Informing infrastructure requirements for refuelling.

Abstract

This paper presents a model to predict the number of refuelling trips by vehicles on any given day considering weather conditions and time of the year. The predicted refuelling trips were founded on count-based data, i.e., data that contain events that occur at a certain rate. The paper presents an algorithm developed using Python programming language and the statsmodels module to achieve this. The results indicate that the GP-1 model developed in this paper is statistically significant at the 95% confidence level as it was able to converge—however, precipitation and high ambient temperature conditions are considered statistically insignificant in this model. The viability of the model was further tested on the remaining 20% of the data. Sensitivity tests indicate that there is a good correlation between the actual trips and predicted trips when 70% of the data are used to train the model. Overall, the model presented can be used to predict the number of trips taken by vehicles to refuel as well as model future trends, accurately. This model, can in the future, be applied to predict the refuelling behaviour of alternative fuel vehicles such as hydrogen fuel vehicles, when such data become available.

Keywords:

Poisson probability; trip counts; prediction model; refuelling; weather

1. Introduction

The challenges of climate change, energy security and urban air pollution have piqued interest in alternative fuel vehicles such as hydrogen fuel vehicles (HFVs). The use of HFVs in the near future forms part of social, environmental and economic goals, worldwide [1]. Countries such as the United States of America, Japan, and many European nations have introduced HFVs onto their roads due to the associated benefits [2]. South Africa, where the transport sector contributes to about 60 metric tons of carbon dioxide equivalent emitted annually (a similar scale to emissions from industrial operations), also benefits from adopting these vehicles [3]. The country has a vested interest in integrating renewable energy sources as per its Integrated Resource Plan 2019, and hydrogen is seen to become a game-changer in the country’s aspirations to move towards a net-zero carbon economy. In fact, it is the goal of South Africa’s Hydrogen Society Roadmap to decarbonise heavy-duty transportation by the year 2050 [4].
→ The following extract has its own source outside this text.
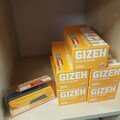 Gizeh Vario Stopfer Stopfmaschine  mit 1000 Gizeh Full Flavour Hülsen 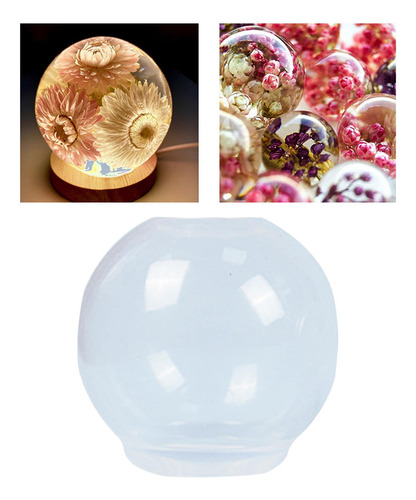 Juego De 3 Moldes De Bolas De Silicona Con Forma De Bola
The use of hydrogen as an alternative source of energy is highly motivated within the South African transport sector. However, for HFVs to prove competitive against conventional modes of transport, there must be well-built, accessible refuelling infrastructure available, and currently, this is scarce [5,6]. Ref. [6] indicates that HFVs and refuelling infrastructure are complementary goods and both must successfully penetrate the transportation market for either to be successful. Studies such as [7] indicate that a major success determinant in the adoption of these vehicles is the availability of hydrogen-based infrastructure that comprises important components and facilities to sufficiently support the hydrogen fuel demand of HFVs [7]. In Ref. [8], it is further noted that a hydrogen refuelling network is necessary for HFVs to operate; in fact, the study states that these vehicles will be unable to operate and their commercial deployment limited if such networks are not established. For substantial market penetration of HFVs within the transport sector, the introduction of commercial hydrogen vehicles and the network of fuelling stations to supply them with hydrogen needs to occur simultaneously [9].

Essentially studying the refuelling behaviour of conventional vehicle drivers could offer useful information to model hydrogen refuelling infrastructure networks, once such data are available. In turn, it could also provide statistical models to evaluate fuel consumption for enhancing economic efficiency. Comprehending how far people travel and how many trips people take within a specific region can also tremendously help in infrastructure planning. Studies such as [1,10] show that fuel consumption patterns are influenced by factors such as weather conditions, among others. Several studies are focusing on the refuelling behaviour of conventional vehicles, hybrid ICE, battery-electric and HFVs [7,11,12,13]; however, very limited studies consider the stochastic nature of refuelling, and most do not consider the impacts of weather. Furthermore, the majority of these studies focus on conventional vehicles and electric vehicles. For example, [14] studies the relationship between electric vehicle adoption and consumer behaviour; [15] looks at the energy costs and refuelling behaviour through the use of Monte Carlo simulations on electric vehicles. Although there are studies, such as [16], that consider the stochastic nature of refuelling behaviour, it does not take into account the impact of weather conditions on driving trips and consequently refuelling behaviour, especially since weather conditions are shown to have an impact on fuel economy, with users seeing more fuel consumption during colder days than warmer ones [1,10].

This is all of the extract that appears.